= History of the Singapore Police Force =

The History of the Singapore Police Force is a long one, and in many ways, has paralleled the astronomical economic growth of the country the force is tasked to protect. From a staff of eleven men based in a simple attap hut, the force has grown to over 36,000 men and women, basing their operations from thirty-two neighbourhood police centres (NPCs), 60 neighbourhood police posts (NPPs), and various other land and marine establishments spread across the country.

==Early years==
The Singapore Police Force has a heritage almost as old as that of modern Singapore, having been formed in 1820 with a skeleton force of 11 men under the command of Francis James Bernard, son-in-law of William Farquhar. With no background nor knowledge on policing, Bernard had to work from scratch, as well as occasionally turning to Farquhar for help. In addition, he held multiple roles as magistrate, chief jailer, harbour master, marine storekeeper, as well as personal assistant to Farquhar.

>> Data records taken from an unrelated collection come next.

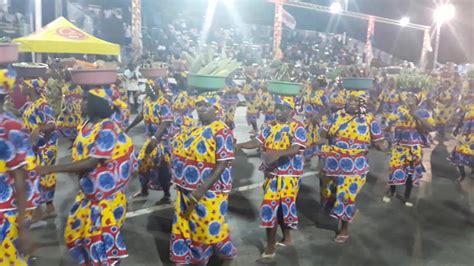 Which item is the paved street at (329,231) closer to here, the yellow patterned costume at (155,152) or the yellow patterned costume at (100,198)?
the yellow patterned costume at (155,152)

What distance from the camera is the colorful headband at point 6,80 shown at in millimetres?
3031

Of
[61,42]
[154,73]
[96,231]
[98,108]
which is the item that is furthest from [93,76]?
[61,42]

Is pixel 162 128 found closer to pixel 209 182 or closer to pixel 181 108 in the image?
pixel 181 108

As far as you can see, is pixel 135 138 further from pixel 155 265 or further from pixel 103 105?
pixel 103 105

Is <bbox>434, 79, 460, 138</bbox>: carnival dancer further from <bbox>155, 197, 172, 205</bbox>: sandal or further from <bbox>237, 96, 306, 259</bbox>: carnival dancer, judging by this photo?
<bbox>237, 96, 306, 259</bbox>: carnival dancer

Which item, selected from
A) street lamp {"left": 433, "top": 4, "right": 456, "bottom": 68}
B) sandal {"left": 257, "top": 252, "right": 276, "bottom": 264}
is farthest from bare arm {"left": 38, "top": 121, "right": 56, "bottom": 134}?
street lamp {"left": 433, "top": 4, "right": 456, "bottom": 68}

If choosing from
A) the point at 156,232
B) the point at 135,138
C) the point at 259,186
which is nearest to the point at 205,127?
the point at 156,232

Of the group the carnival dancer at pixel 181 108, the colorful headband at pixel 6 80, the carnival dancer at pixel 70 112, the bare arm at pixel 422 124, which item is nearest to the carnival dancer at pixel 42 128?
the carnival dancer at pixel 181 108

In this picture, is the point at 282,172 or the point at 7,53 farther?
the point at 282,172

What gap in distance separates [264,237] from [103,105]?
9.82 ft

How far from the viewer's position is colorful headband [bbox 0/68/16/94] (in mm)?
3031

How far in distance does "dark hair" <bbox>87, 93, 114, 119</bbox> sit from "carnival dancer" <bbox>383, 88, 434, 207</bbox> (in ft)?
16.3

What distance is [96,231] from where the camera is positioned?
3359 millimetres

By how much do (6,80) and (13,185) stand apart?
2.22 ft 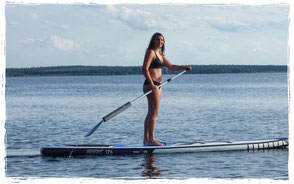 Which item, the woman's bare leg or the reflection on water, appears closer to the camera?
the reflection on water

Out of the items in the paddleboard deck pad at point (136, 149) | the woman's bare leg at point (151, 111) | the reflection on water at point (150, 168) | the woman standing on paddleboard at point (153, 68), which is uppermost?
the woman standing on paddleboard at point (153, 68)

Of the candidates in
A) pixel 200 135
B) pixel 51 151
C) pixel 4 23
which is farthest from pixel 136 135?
pixel 4 23

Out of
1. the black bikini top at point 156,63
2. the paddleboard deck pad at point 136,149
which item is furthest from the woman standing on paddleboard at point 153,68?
the paddleboard deck pad at point 136,149

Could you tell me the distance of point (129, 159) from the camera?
9828 millimetres

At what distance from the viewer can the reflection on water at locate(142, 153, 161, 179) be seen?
844 centimetres

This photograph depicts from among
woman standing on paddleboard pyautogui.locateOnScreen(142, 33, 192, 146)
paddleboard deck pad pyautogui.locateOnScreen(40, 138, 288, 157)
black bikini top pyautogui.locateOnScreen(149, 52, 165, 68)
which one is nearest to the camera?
woman standing on paddleboard pyautogui.locateOnScreen(142, 33, 192, 146)

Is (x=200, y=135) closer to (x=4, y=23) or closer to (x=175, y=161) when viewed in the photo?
(x=175, y=161)

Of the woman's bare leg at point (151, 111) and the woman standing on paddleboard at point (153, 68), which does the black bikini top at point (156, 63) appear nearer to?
the woman standing on paddleboard at point (153, 68)

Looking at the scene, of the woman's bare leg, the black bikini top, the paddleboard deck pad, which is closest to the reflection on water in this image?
the paddleboard deck pad

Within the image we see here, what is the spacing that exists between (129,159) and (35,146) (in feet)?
10.8

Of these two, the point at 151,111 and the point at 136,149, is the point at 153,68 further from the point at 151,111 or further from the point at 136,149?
the point at 136,149

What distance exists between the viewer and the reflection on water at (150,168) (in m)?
8.44

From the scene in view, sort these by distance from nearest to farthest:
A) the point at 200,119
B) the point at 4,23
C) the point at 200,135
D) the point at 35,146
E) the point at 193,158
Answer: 1. the point at 4,23
2. the point at 193,158
3. the point at 35,146
4. the point at 200,135
5. the point at 200,119

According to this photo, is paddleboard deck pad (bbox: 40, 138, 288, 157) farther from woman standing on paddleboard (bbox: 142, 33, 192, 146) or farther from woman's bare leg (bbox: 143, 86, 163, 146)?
woman standing on paddleboard (bbox: 142, 33, 192, 146) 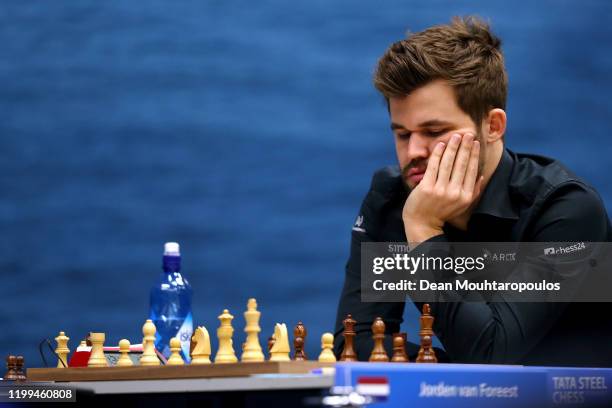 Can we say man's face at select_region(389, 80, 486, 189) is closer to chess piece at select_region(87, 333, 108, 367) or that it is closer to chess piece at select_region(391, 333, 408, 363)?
chess piece at select_region(391, 333, 408, 363)

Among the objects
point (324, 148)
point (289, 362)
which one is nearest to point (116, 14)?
point (324, 148)

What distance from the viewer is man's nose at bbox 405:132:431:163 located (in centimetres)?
200

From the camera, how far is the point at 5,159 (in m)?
3.91

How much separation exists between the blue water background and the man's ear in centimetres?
159

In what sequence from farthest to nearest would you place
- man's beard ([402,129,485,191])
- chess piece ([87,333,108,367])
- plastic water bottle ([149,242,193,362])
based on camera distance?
1. plastic water bottle ([149,242,193,362])
2. man's beard ([402,129,485,191])
3. chess piece ([87,333,108,367])

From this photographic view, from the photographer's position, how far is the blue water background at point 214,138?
379cm

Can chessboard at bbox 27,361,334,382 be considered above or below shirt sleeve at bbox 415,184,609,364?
below

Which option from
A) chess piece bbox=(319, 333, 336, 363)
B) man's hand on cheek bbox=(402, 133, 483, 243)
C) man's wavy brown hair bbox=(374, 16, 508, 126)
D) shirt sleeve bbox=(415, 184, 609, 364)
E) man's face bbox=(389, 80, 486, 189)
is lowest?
chess piece bbox=(319, 333, 336, 363)

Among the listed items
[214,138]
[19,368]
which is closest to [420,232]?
[19,368]

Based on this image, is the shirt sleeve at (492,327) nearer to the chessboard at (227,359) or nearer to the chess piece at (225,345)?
the chessboard at (227,359)

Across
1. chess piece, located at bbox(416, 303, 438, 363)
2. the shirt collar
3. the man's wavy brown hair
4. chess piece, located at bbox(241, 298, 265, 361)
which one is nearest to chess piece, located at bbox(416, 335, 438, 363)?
chess piece, located at bbox(416, 303, 438, 363)

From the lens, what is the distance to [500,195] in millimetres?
2043

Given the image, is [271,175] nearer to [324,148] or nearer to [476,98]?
[324,148]

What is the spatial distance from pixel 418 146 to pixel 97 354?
2.33ft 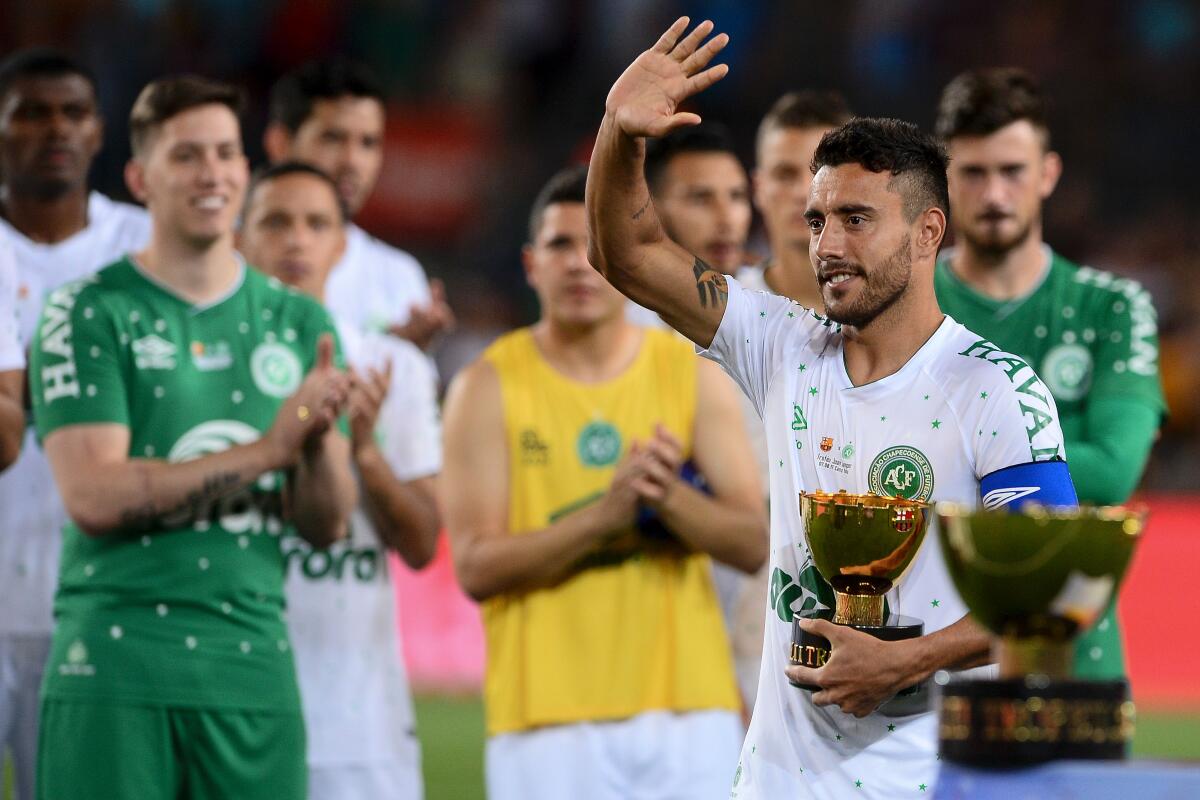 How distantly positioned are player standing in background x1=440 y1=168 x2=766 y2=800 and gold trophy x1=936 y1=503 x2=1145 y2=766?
2166mm

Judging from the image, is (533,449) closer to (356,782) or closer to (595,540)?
(595,540)

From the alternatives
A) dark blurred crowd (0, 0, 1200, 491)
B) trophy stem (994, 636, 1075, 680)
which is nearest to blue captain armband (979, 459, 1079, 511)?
trophy stem (994, 636, 1075, 680)

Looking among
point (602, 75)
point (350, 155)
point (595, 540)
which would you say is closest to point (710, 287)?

Despite these constraints, Bernard managed to establish the force by recruiting a jemadar (Asian sergeant), eight peons (patrolmen), a jailer, and a Malay writer, kept in operation by a monthly budget of $300. It is likely that some of these men were recruited from amongst the Indian sepoys brought to the settlement by its founder, Sir Stamford Raffles. Manpower constraints meant that the men had to perform a wide range of roles, and required the help of headmen amongst the various ethnic communities to maintain orderliness on the streets, all the more possible as the communities lived in segregated areas around the city.

This partnership with the community was in line with Raffles's vision of a thriving colony largely self-regulated by local social structures, with the British masters administrating it via indirect rule. The large influx of migrants from China, however, began to test this system when the hands-off approach by the British allowed Secret societies in Singapore to thrive. Although originally formed with legal intentions of community bonding and the provision of assistance to fellow migrants, these societies gradually became influential, competitive, and increasingly engaged in illegal activities including monetary extortion from the masses, the operation of gambling dens, and the smuggling of illegal goods on top of more legal commercial operations to meet their financial needs.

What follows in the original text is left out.